2020-09-24, 13:34	#47
RMLabrador "Roman V. Makarchuk" Aug 2020 Ukraine 100010₂ Posts	)) There is no problem! Please, read my post above, this IS the proof about Fermat and Lucas probable prime do not inteecept or not? Its important, as far as I'm too do not understead, that I'm write understadeble))) You stated that Fermat and Lucas test are PRP, so all their combination are PRP too. Thats right if use modulo form only, and have no care about existance of factor in this polynomial. Factor inevery their coefficient lead as to symmetry, the ones is key to proof that even in modulo form the correct, non-prp test can be built.
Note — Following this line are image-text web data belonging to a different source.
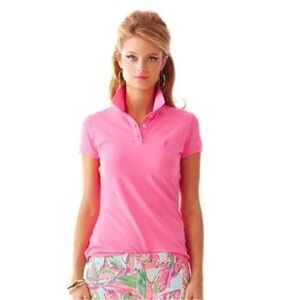 Lilly Pulitzer Chic Fit Polo hot pink pima cotton Sz Large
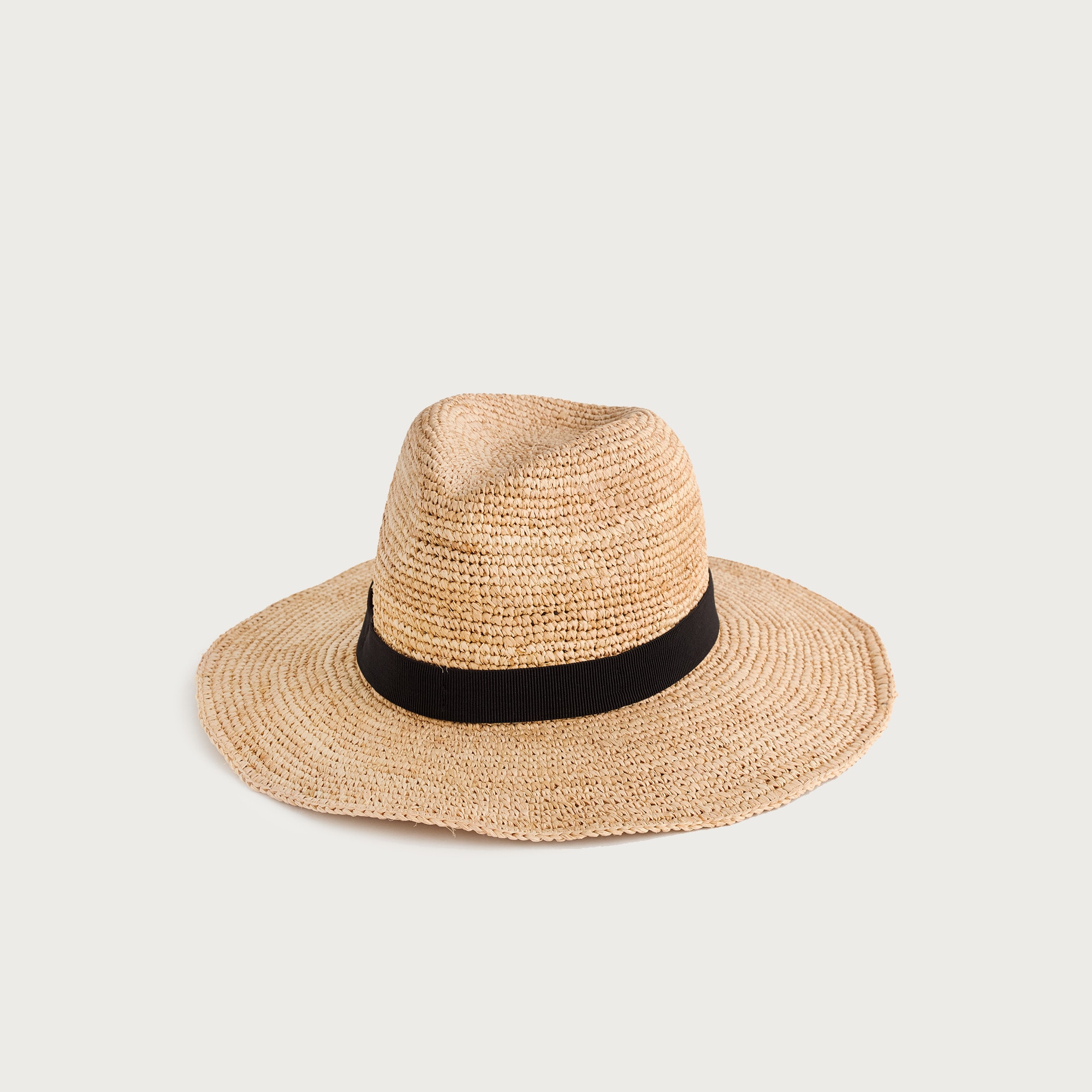 Wide-brim packable straw hat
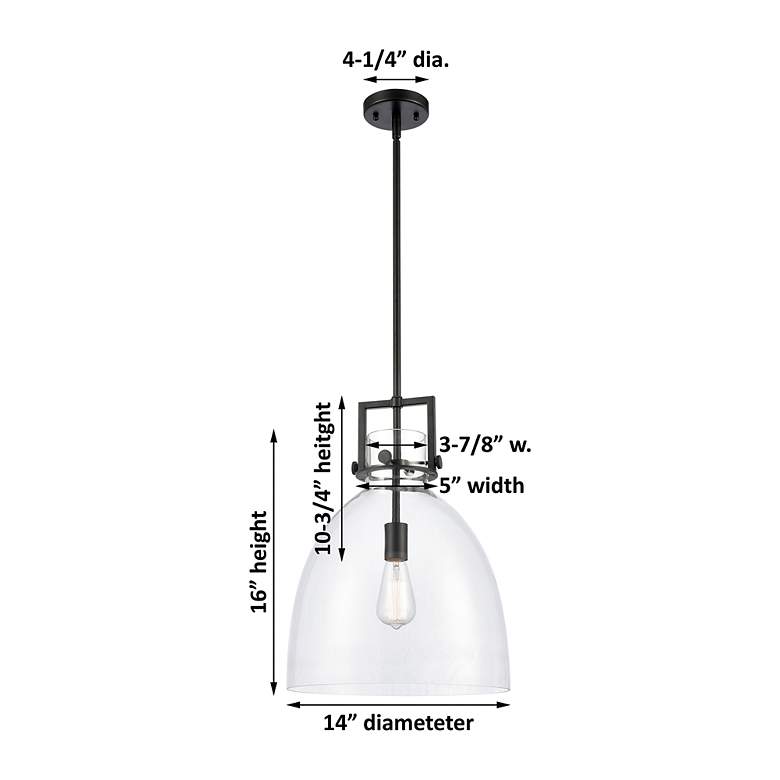 Image 4 Newton Bell 14" Wide Matte Black Stem Hung Pendant With Clear Shade more views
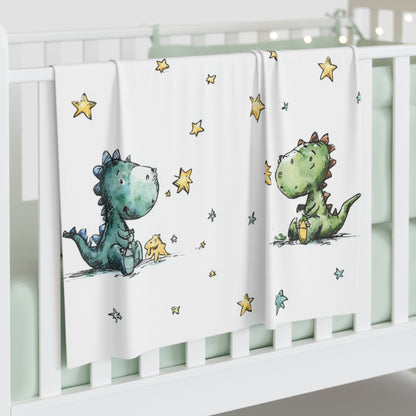 Dinosaur Star Baby Swaddle Blanket — Soft Nursery Receiving Blanket for Newborns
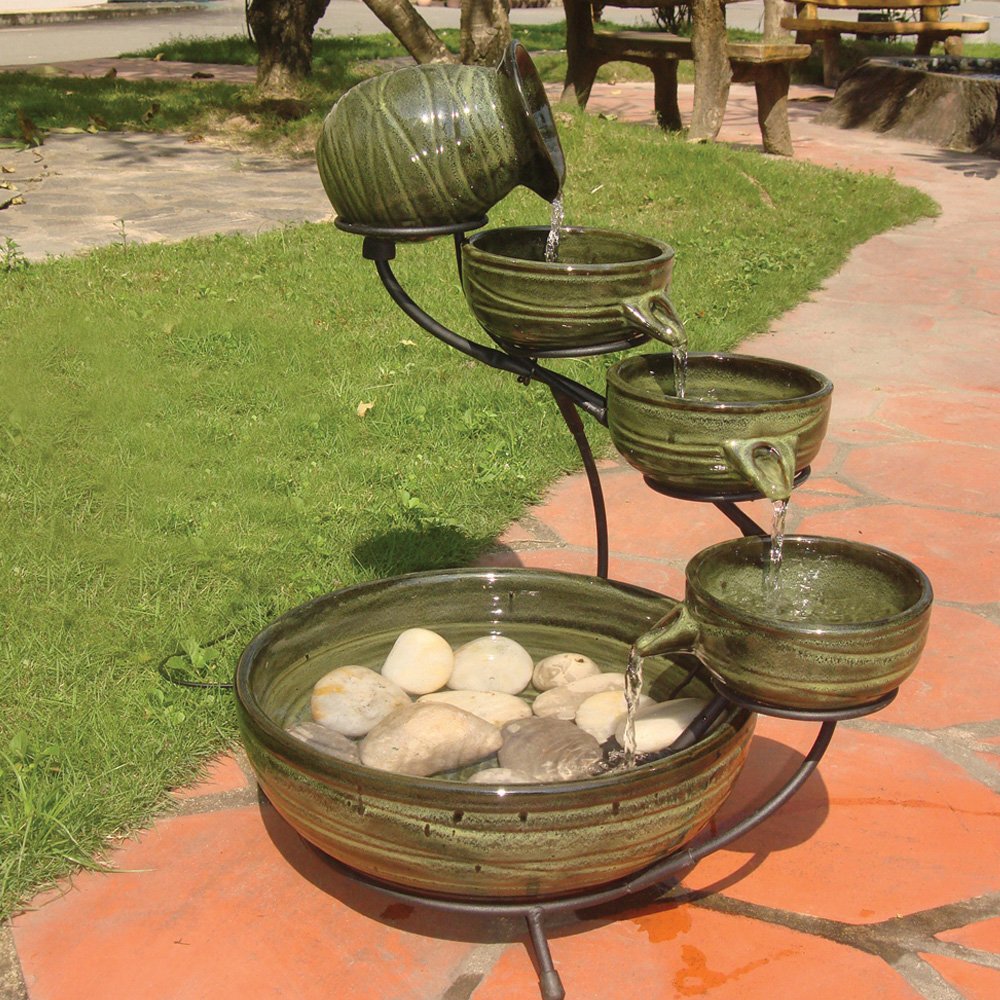 Smart Solar-Powered 4-Tier Ceramic Fountain with 10ft Cable - Elegant Cascading Outdoor Water Feature for Garden, Patio, Yard Decor | Eco-Friendly Solar Garden Fountain for Relaxing Ambience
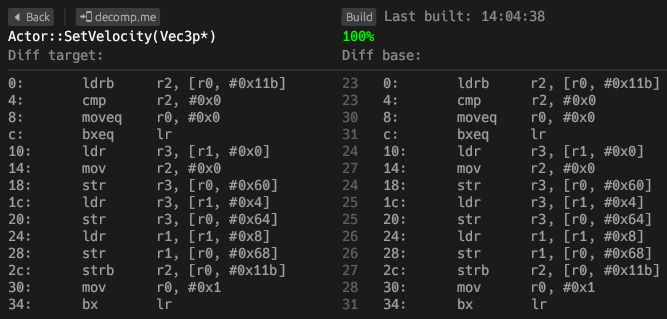 Matching function in objdiff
I need somehow post on arxive.org, can i do this without invitation?

2020-09-24, 14:47	#52
RMLabrador "Roman V. Makarchuk" Aug 2020 Ukraine 2×17 Posts	Fibonacci vs Lucas))) Stupid me - 100%. I'n even correct the post, in the post, were link with hyperbolae, started as Fibonacci. Please, exuse me.

2020-09-24, 19:33	#53
CRGreathouse Aug 2006 3×1,987 Posts	Grantham has an explicit finite set he conjectures to contain a number which is both a Carmichael number and a Lucas pseudoprime, see A018188.